Thursday, May 17, 2007

Troll Whisperers and Bees in the Mouth

I came across a good read about managing angry people on the interweb today called "How To Keep Hostile Jerks From Taking Over Your Online Community". It's certainly not a short read, but it is worth while if you care about "internet culture," civility, discourse, and those kinds of things.

The author's main suggestion is that maintainers of social sites notice what "Troll Whisperers" do and emulate them. "Trolls" are, to quote The Indiepub Blog,:


Those angry, anonymous posters who mar Web communities of all types, are a scourge on useful discussion. These insidious little people crawl into the gears and tinker with the delicate machinery that makes a Web community hum.

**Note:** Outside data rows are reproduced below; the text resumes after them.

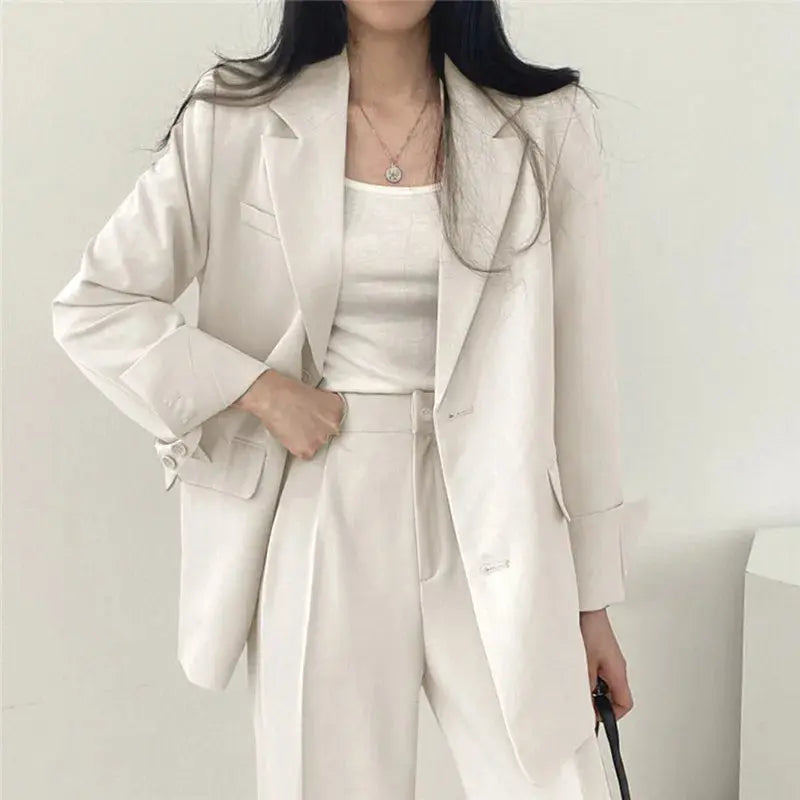 Elegant women's tailored suit for a sharp and modern professional look.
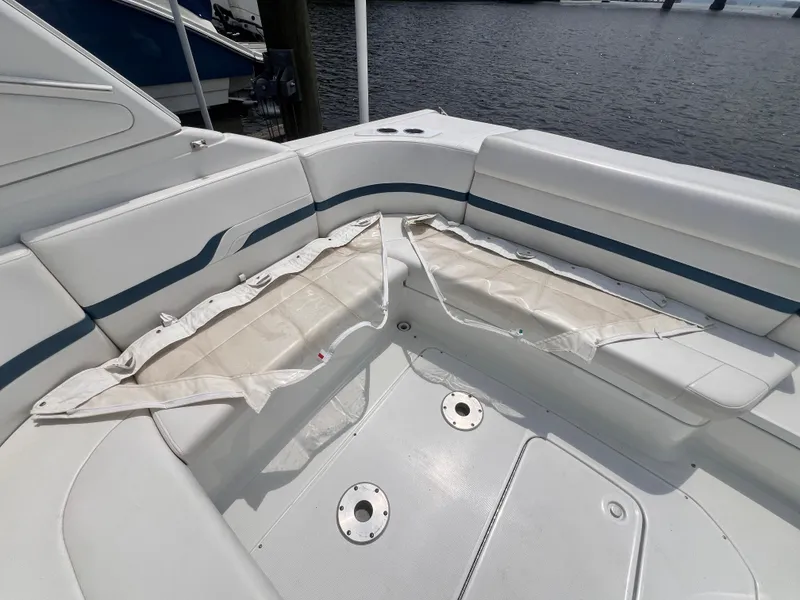 Slide: The Image of 2005 Formula 330 Sun Sport boat interior with white seating and storage compartments. - 39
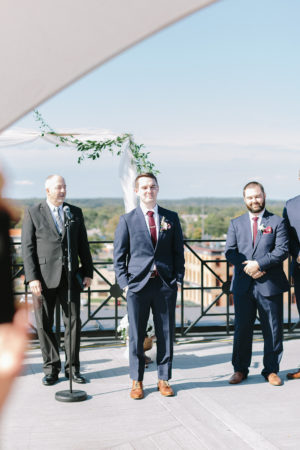 Groom watching his bride as they walks down the aisle during their Kalamazoo, Michigan wedding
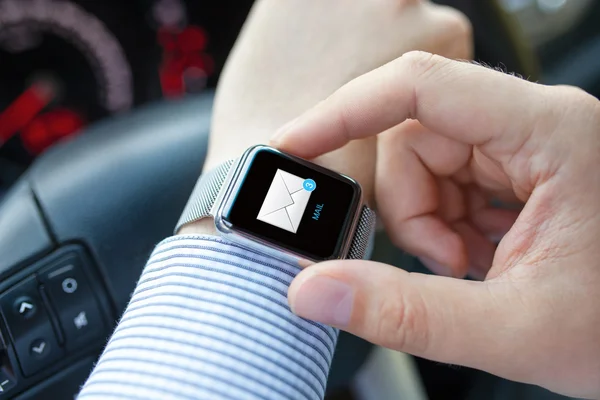 Man hand in car with watch and e-mail on screen — Stock Photo, Image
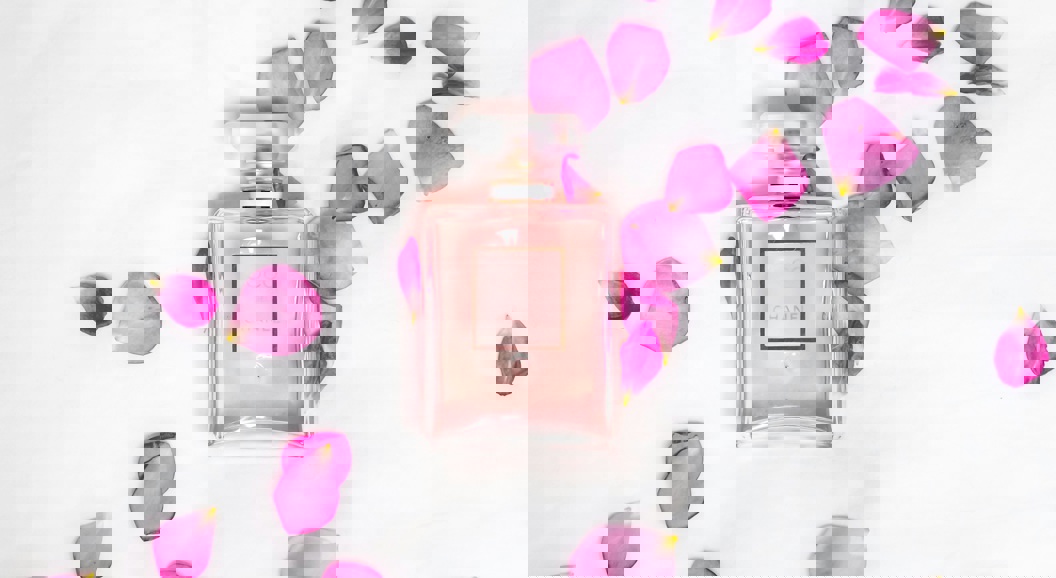 Rosa parfymeflaske omgitt av rosa roseblader på en hvit bakgrunn, som skaper en elegant og feminin estetikk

And "Troll Whisperers" are other members of an online community that manage to take the teeth out of the things trolls post. One effective strategy the article mentions is to take all the vowels out of words in their post (tk ll th vwls t f wrds n thr pst) because it makes people read the post more slowly, reducing the effectiveness and provocation of their post. It also sends a strong signal of what's acceptable and what's not, without deleting what's not.

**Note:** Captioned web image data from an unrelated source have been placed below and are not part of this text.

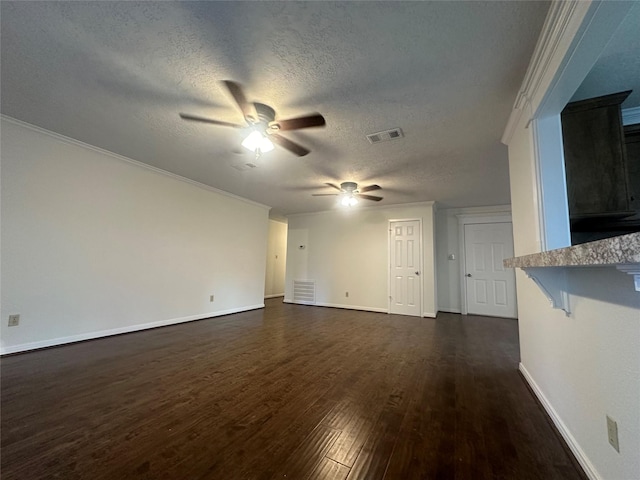 unfurnished living room with a textured ceiling, dark hardwood / wood-style floors, and ornamental molding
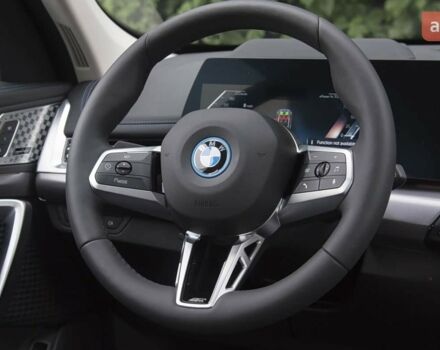 купить новое авто БМВ iX1 2025 года от официального дилера E-MOTION CARS БМВ фото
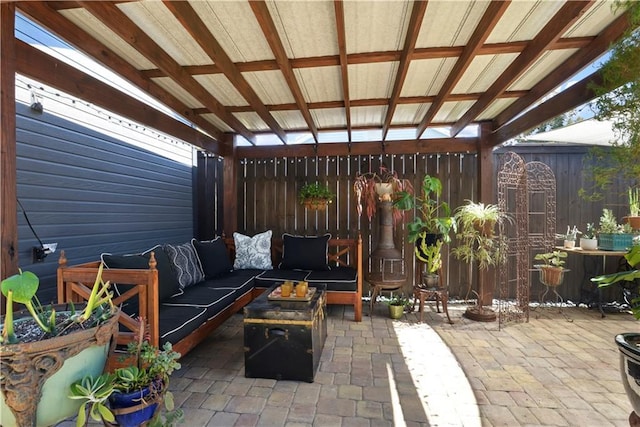 view of patio / terrace featuring an outdoor living space, an outdoor structure, and fence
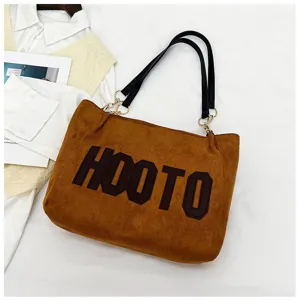 Stylish brown suede shoulder tote bag, large capacity commuting handbag for women.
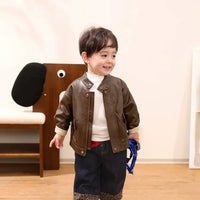 Toddler wearing brown PU leather jacket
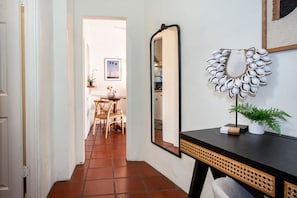 A hallway with a tiled floor, a wooden chair, a table with a vase, a framed picture, a mirror, and a decorative wall piece. - Montecito Studio w/ Patio & Outdoor Charm (Montecito)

The article also made me think of two (excellent) recent Breakpoint commentaries that stemmed from a book titled "A Bee in the Mouth: Anger in America Now" — Cherishing Anger: A Bee in the Mouth and Anger in Public Discourse: The Rules of Engagement:


A respected journalist begins an article about the president with a statement of undiluted hatred. A prestigious Christian essayist takes every opportunity to rail publicly against Christians more conservative than she is. A famous conservative columnist uses a sexual epithet to describe a presidential candidate at a national conference.

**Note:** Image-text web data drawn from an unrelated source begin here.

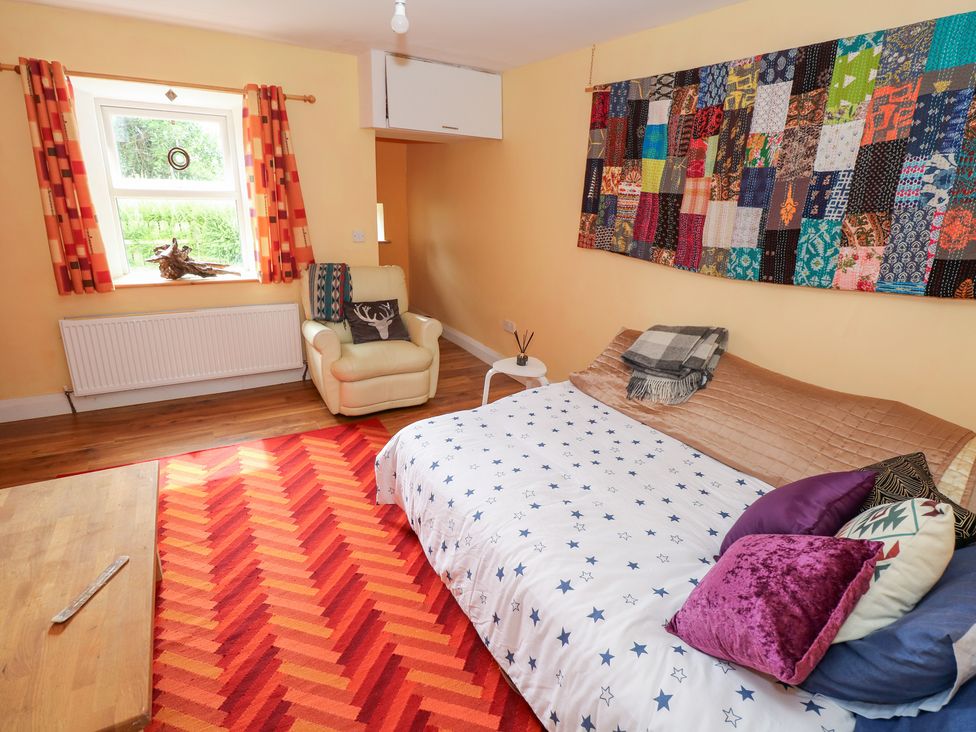 A bedroom with a bed and a chair at Huath in Carrick on Shannon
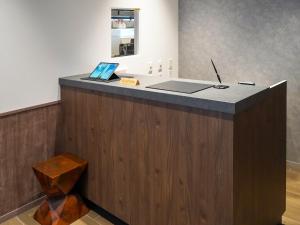 a reception desk with a laptop on top of it at TORANOMONHOLIC Hotel in Tokyo +36 photos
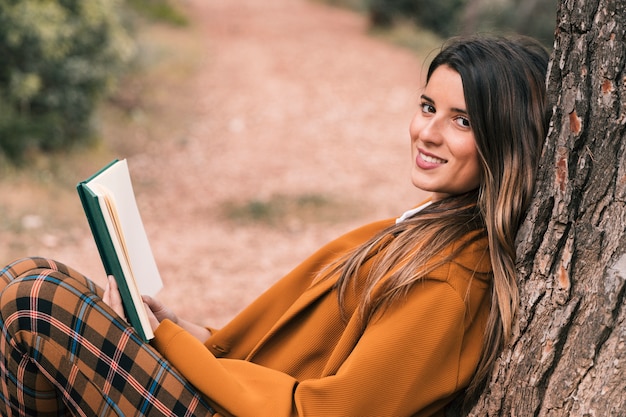 Бесплатное фото Взгляд со стороны усмехаясь молодой женщины сидя под деревом держа книгу в руке смотря камеру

Are these isolated incidents? Or do we have what Peter Wood calls a “national epidemic of anger”?

Wood, the provost and academic vice-president at King’s College, thinks that such an epidemic is indeed raging. In his new book, A Bee in the Mouth: Anger in America Now, Wood explores the roots of that anger and the way it manifests itself in our culture—which, he says, has turned itself into an “angri-culture.”


It's a disappointing state of affairs that there is so much anger and "troll-ing" in public discourse these days, both on- and off-line. I applaud Breakpoint for encouraging Christians to take the lead in turning that around.

Hopefully some day we won't have to put up with comments (with positive ratings!) on Digg like:


My g*d Bush is a f*ck*ng c*nt

or

But Bush is a total cluster-f*ck-- a failure before he was president who ran business after business into the ground, unless his daddy's friends bailed him out with crooked deals, like, give a contractor $200 million of Texas money to build a ball park-- get a few million for his share of the team he was partner owner in. Give hundreds of billions to crooked contractors-- get money in Swiss bank accounts.

Bush is a war criminal who has been the worst president in US history and the most hated creature who ever lived on this planet, more hated than Hitler (there are billions more people on the planet to hate Bush.)



And I won't have to deal with commenters like Marti Abernathey making ad-hominem attacks at me:


But I'm listening to Sean Hannity or Rush Limbaugh cuts into your learnin' time!


(Frankly, I'm not sure what that means, but I'm sure it was meant to be offensive, and it does nothing to advance the debate. Also, for the record, I don't listen to either Hannity or Limbaugh. And Limbaugh certainly doesn't do anything to help promote civility in discourse either.)